E não é que me desgostasse aquele reconhecimento capaz de deixar qualquer um rojo como un pimiento. Mas entre o desidério e a consecução, o caminho parecia não acabar não. No meu segundo ano primário, aluno de Dona Zinha, a brava Maria José Lima, pude experimentar esse gostinho.
Nossa diretora, Dona Carmen Itala Cesar Mota - ela parecia gostar mais do Cesar de solteira, do que do Mota, de casada - andara enferma, fora operada e se convalescia. Cumpria pois às classes escreverem uma mensagem formulando-lhe os desejos de plena e pronta recuperação.
Naquele caderno da capa verde desbotado e a lápis, quiçá por demais apontado, compus o meu recado: e consegui encher meia página. Por que cargas dágua, nunca soube da razão da escolha de minha redação e de sua anunciação.

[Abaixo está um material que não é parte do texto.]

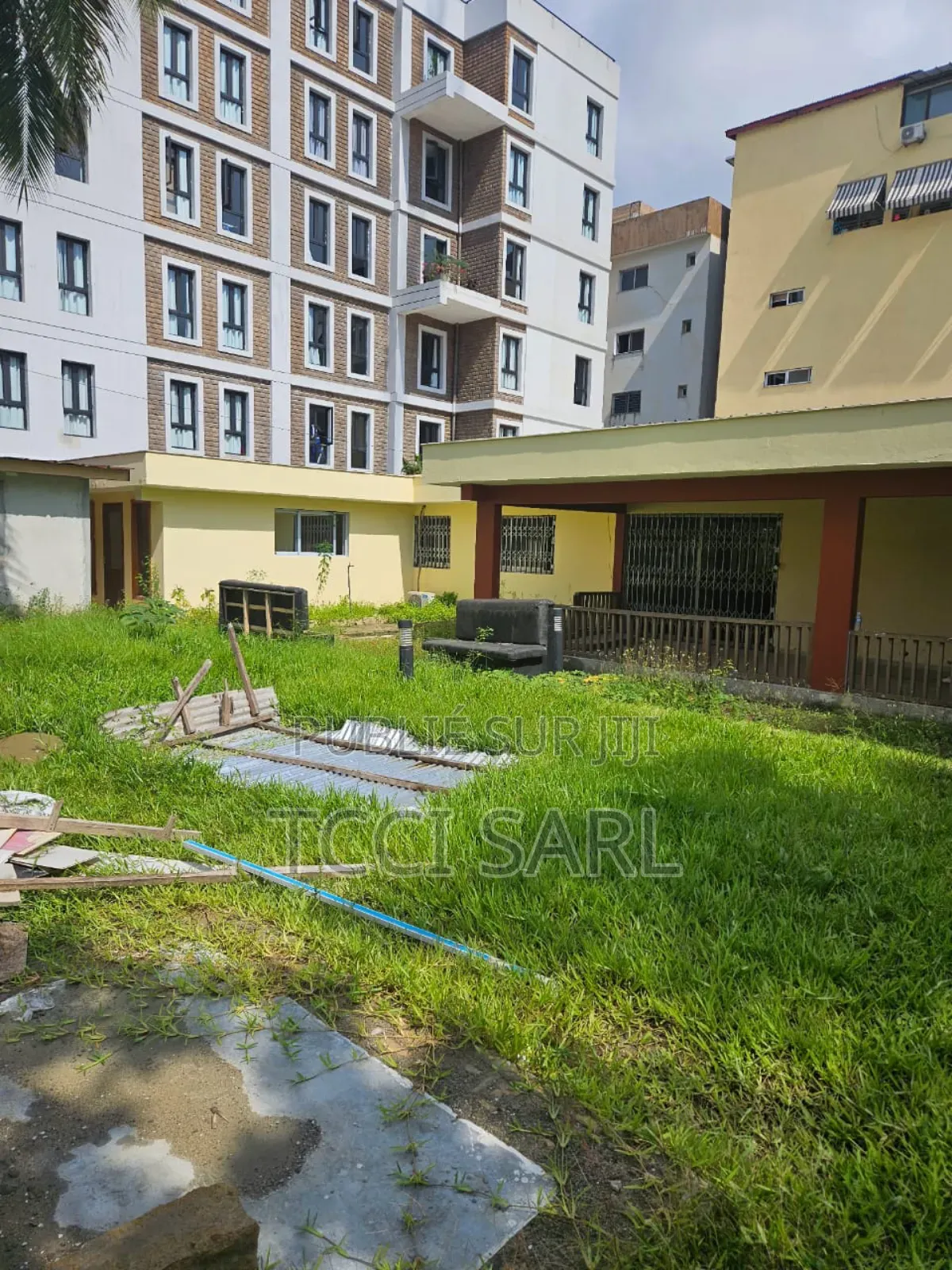 5chbre Villa dans Tcci Sarl, Marcory à Vendre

Suponho, e só ponho, que fosse para dar um incentivo à banda dos meninos, que além de desordenada e pouco iluminada, era café pequeno para o zelo, o capricho e a dedicação das demoiselles. Não tive a pachorra de olhar, ainda que de soslaio, à minha volta, para testar a reação dos colegas diante da elevação de meu nome, de tão absorvido que me encontrava com aquele sucesso inesperado.
Porém - quando é que ele não vem - antes de me descansar sobre os louros, uma tarefinha: passar aquela obra a limpo, e pro supremo desgosto de um amante do farniente, na hora do recreio.
Foi um sofrimento reescrever aquelas linhas, tentando concentrar-me para lhes dar melhor legibilidade, enquanto ouvia a algazarra costumeira no pátio. Ainda pareço estar ouvindo-a.